Multiple Joins on Fact Table

  • Hi,

    I am building a DW which will load data from 2 separate sources.

    Each source will populate the Broker Dim table and the Account Dim table.

    To identify which source the Broker/Account relates to, I added BrokerSource column and AccountSource Column.

    In the Fact tbl, I have FKs to each of these Dims. CounterpartyBrokerKey and GenevaBrokerKey relate to the Broker Dim.

    CounterpartyAccountKey and GenevaAccountKey relate to the Account Dim.

    The problem I now have is that there are multiple FKs in the Fact table pointing to the one Dim table.

    Is this ok? Or is there a better, more efficient way of designing this?

    Thanks!

  • kevin.obrien 66193 (11/9/2016)


    The problem I now have is that there are multiple FKs in the Fact table pointing to the one Dim table.

    Is this ok? Or is there a better, more efficient way of designing this?

    This is fine and absolutely normal, think of i.e. date dimensions for order date, delivery date, payment date and expiry date, you wouldn't want to have multiple physical instances of the date dimension, rather instantiate the same date dimension multiple times.

    😎

    Word of caution, a single instance of a dimension table used many times in a model will most likely result in an empty result set.

  • kevin.obrien 66193 (11/9/2016)


    Hi,

    I am building a DW which will load data from 2 separate sources.

    Each source will populate the Broker Dim table and the Account Dim table.

    To identify which source the Broker/Account relates to, I added BrokerSource column and AccountSource Column.

    In the Fact tbl, I have FKs to each of these Dims.
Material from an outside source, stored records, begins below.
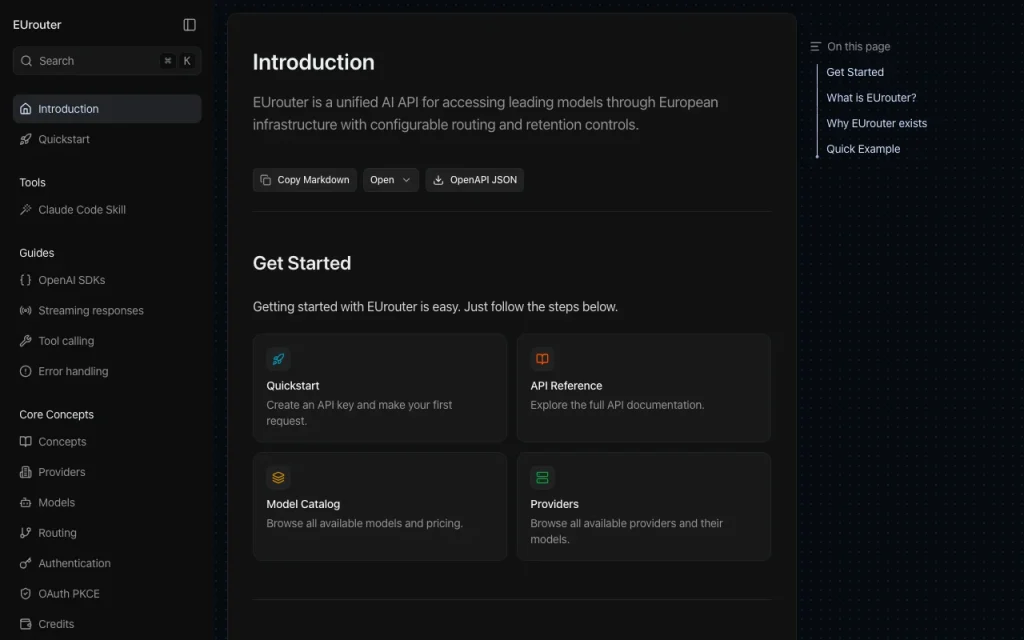 EUrouter documentation — screenshot of the coding AI tool, Oct 1, 2026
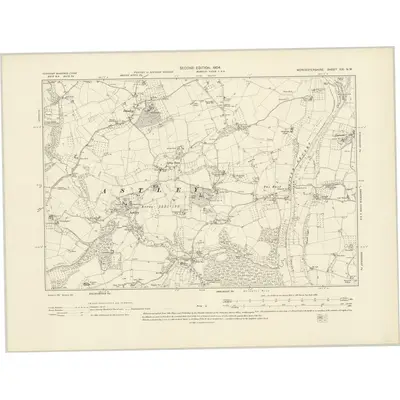 1901 Map of Worcestershire XXI.NW, 1904 Print
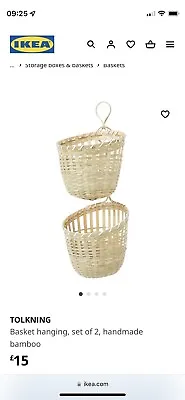 Brand New With Tags IKEA TOLKNING 2 Hanging Bamboo Woven Natural Storage Baskets • £8.50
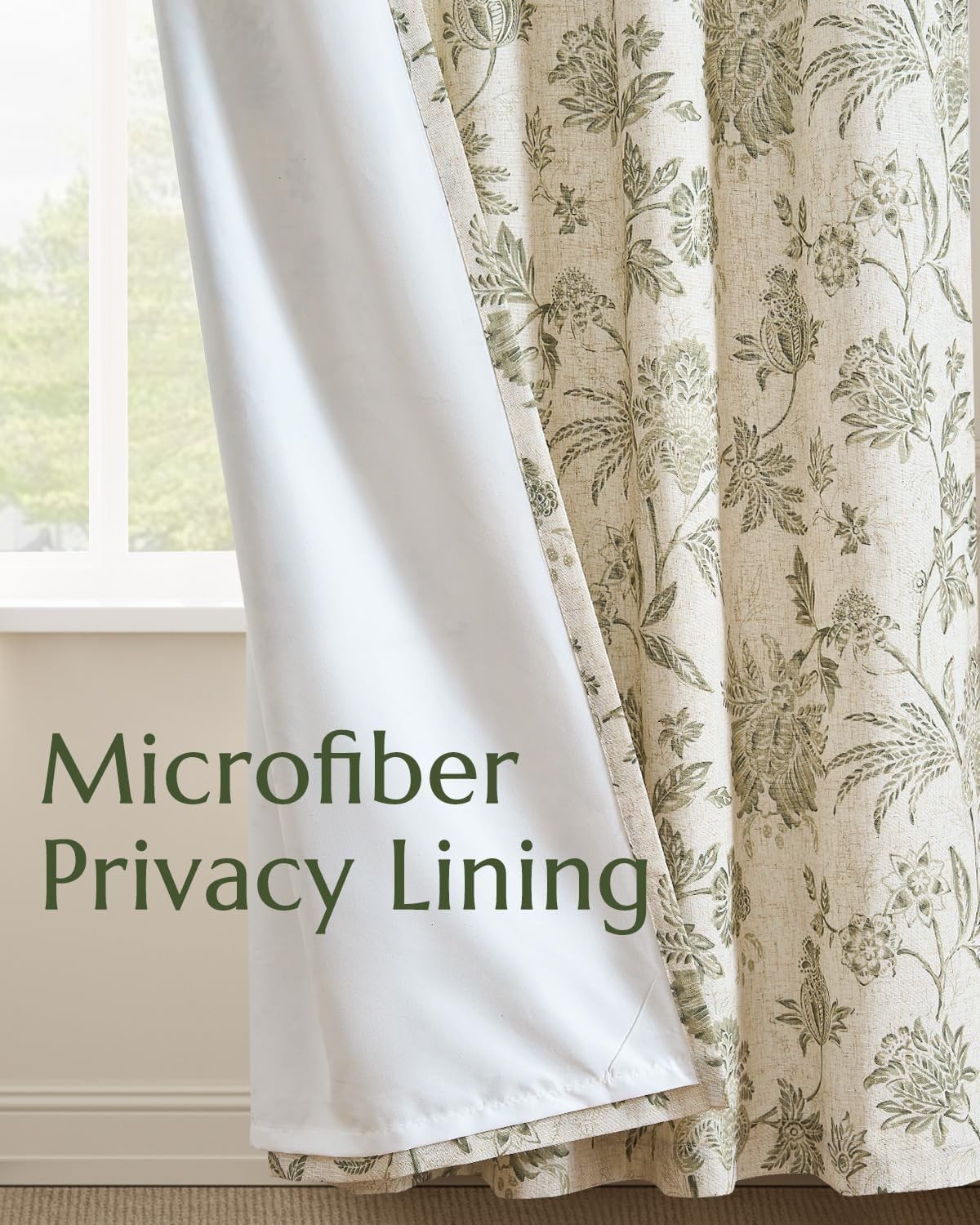 84″ Floral Linen Blackout Curtains Living Room Lined Farmhouse Room Darken Green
CounterpartyBrokerKey and GenevaBrokerKey relate to the Broker Dim.

    CounterpartyAccountKey and GenevaAccountKey relate to the Account Dim.

    The problem I now have is that there are multiple FKs in the Fact table pointing to the one Dim table.

    Is this ok? Or is there a better, more efficient way of designing this?

    Thanks!

    The question to ask is: does a row in your fact table really have both a CounterpartyBroker and a GenevaBroker, both a Counterparty Account and Geneva Account? If a row of your fact table can have both attributes, then yes it makes sense to have both columns and both foreign keys.

    If this is related to the two sources and each fact row really only has one or the other then just have one BrokerKey and one AccountKey column in fact table and one foreign key to each dimension. Let the dimension describe the source instead of forcing the use of alternate foreign keys which will make queries more difficult.

  • Word of caution, a single instance of a dimension table used many times in a model will most likely result in an empty result set.

    Hi, any reason why this might be?

    Thanks!

  • kevin.obrien 66193 (11/9/2016)


    Word of caution, a single instance of a dimension table used many times in a model will most likely result in an empty result set.

    Hi, any reason why this might be?

    Thanks!

    Think of an order with an order data and a delivery date, most likely those will not be the same. If you use a single instance of a date dimension and link both dates to the that then obviously all rows will be filtered out.

    😎

  • Think of an order with an order data and a delivery date, most likely those will not be the same. If you use a single instance of a date dimension and link both dates to the that then obviously all rows will be filtered out.

    😎

    Ah yes. That makes sense. Thanks!

  • kevin.obrien 66193 (11/9/2016)


    Think of an order with an order data and a delivery date, most likely those will not be the same. If you use a single instance of a date dimension and link both dates to the that then obviously all rows will be filtered out.

    😎

    Ah yes. That makes sense. Thanks!

    You are very welcome, just ping back if you need any further assistance

    😎

  • Word of caution, a single instance of a dimension table used many times in a model will most likely result in an empty result set.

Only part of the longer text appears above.